After years of would-be customers contacting them in search of the sheets, only to be turned away because they were not for retail sale, Dobin and Kauppinen knew they needed to do something to meet demand. In July 2013, they launched Living Fresh, making their Tencel+Plus™ sheets available for personal purchase.
“Our choice to use Tencel+Plus™ eucalyptus fiber protects our environment through its lightimpact, award-winning production process that also results in enhanced sleep and wellness through the natural benefits of eucalyptus.”
—Diana Dobin Kauppinen, Founder/CEO, Living Fresh
The sheets are USDA-certified bio-based, or composed in significant part of renewable biological materials. The eucalyptus for the fabric is grown in forests certified as sustainably managed by the Forest Stewardship Council m . A perennial crop, eucalyptus also sequesters significant amounts of carbon in the soil.
In addition, the company’s eucalyptus lyocell fabric is created using a closed-loop, three-step process with just one nontoxic solvent. In comparison, bamboo rayon, which has a comparable texture, requires as many as 16 different chemicals to manufacture. The lyocell process is so clean, nearly all of the water involved can be reused or recycled. And, it requires up to 100 times less water than cotton manufacturing.
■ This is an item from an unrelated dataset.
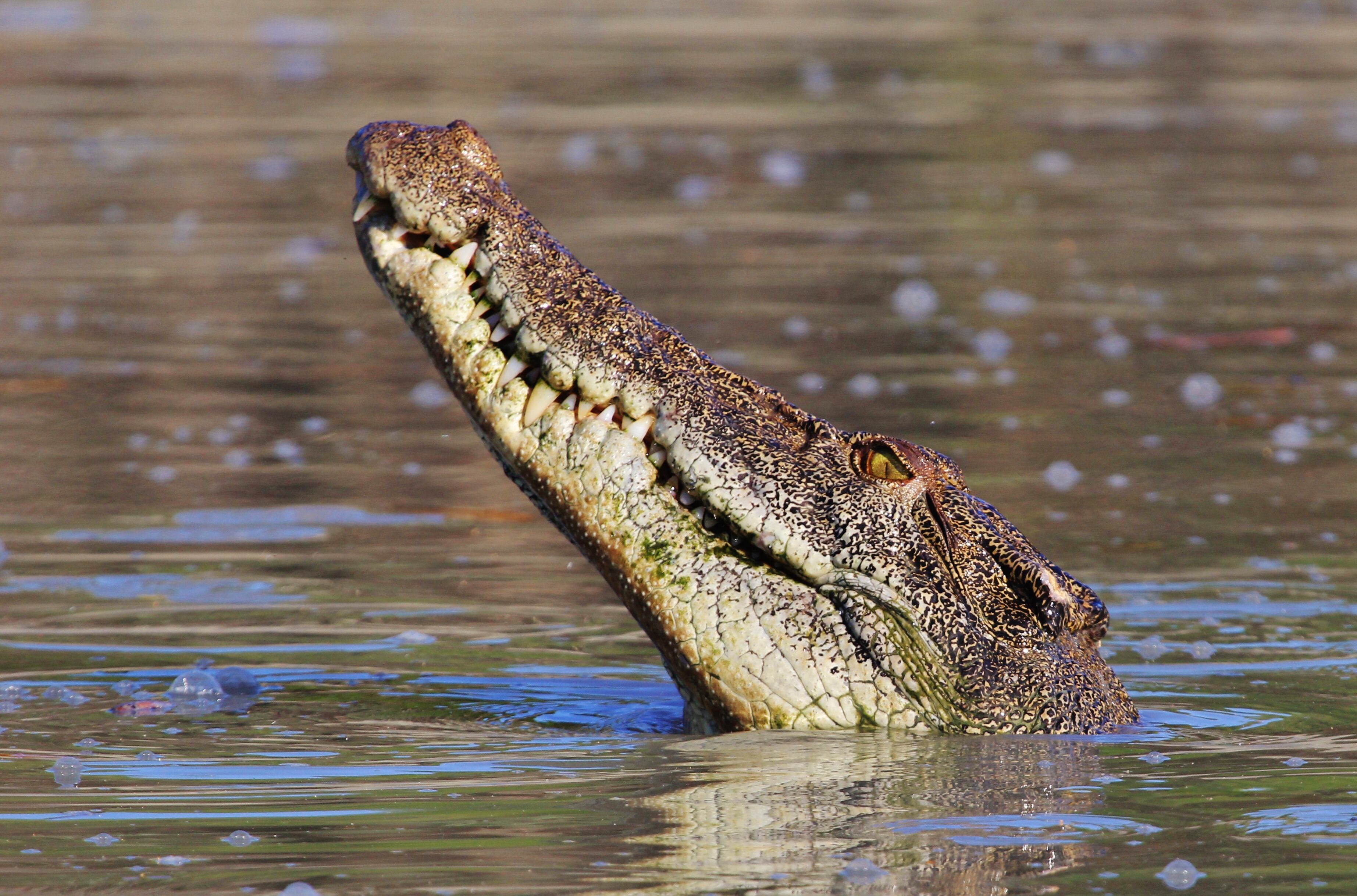 Cocodrilo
The sheets have health benefits for sleepers, as well, says Farina. Eucalyptus is antimicrobial and naturally resistant to dust mites, so the fabric is hypoallergenic. One customer who suffered from sleep-disturbing asthma raved that she was able to forego her inhaler at bedtime after switching to Living Fresh sheets.
“The connection between human health and sustainability is the foundation of Living Fresh’s mission and the single-most critical performance aspect of our products,” remarks Diana Dobin Kauppinen.
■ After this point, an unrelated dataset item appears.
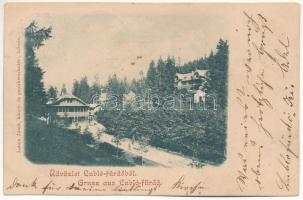 1901 Lublófürdő, Kúpele Lubovna; vilák. Kiadja Latzin János / villas (EK)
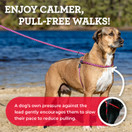 Harness Lead No Pull Dog Harness and Leash Set, Anti Pull Dog Harness for All Breeds and Sizes, One-Piece Cushioned Rope Design Safely Prevents Escaping and Pulling (Medium/Large, Black/Reflective)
Currently, Living Fresh’s online store offers six sheet colors with plans for adding two more each year, as well as Tencel+Plus duvets, duvet covers, towels, decorative pillows, and sleepwear.
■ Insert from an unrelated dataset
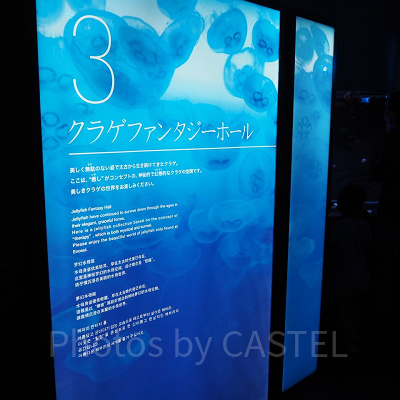 クラゲファンタジーホールの解説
Corporate responsibility is also important to the Living Fresh team. In the past year alone, the company has donated over 100 sheets to the Ronald McDonald House and to Habitat for Humanity.
“We want everyone to sleep healthy,” Farina says. “We spend as much as a third of our lives in our beds. Choosing the right natural fibers to sleep on is so important because your sleep environment truly impacts your quality of life.”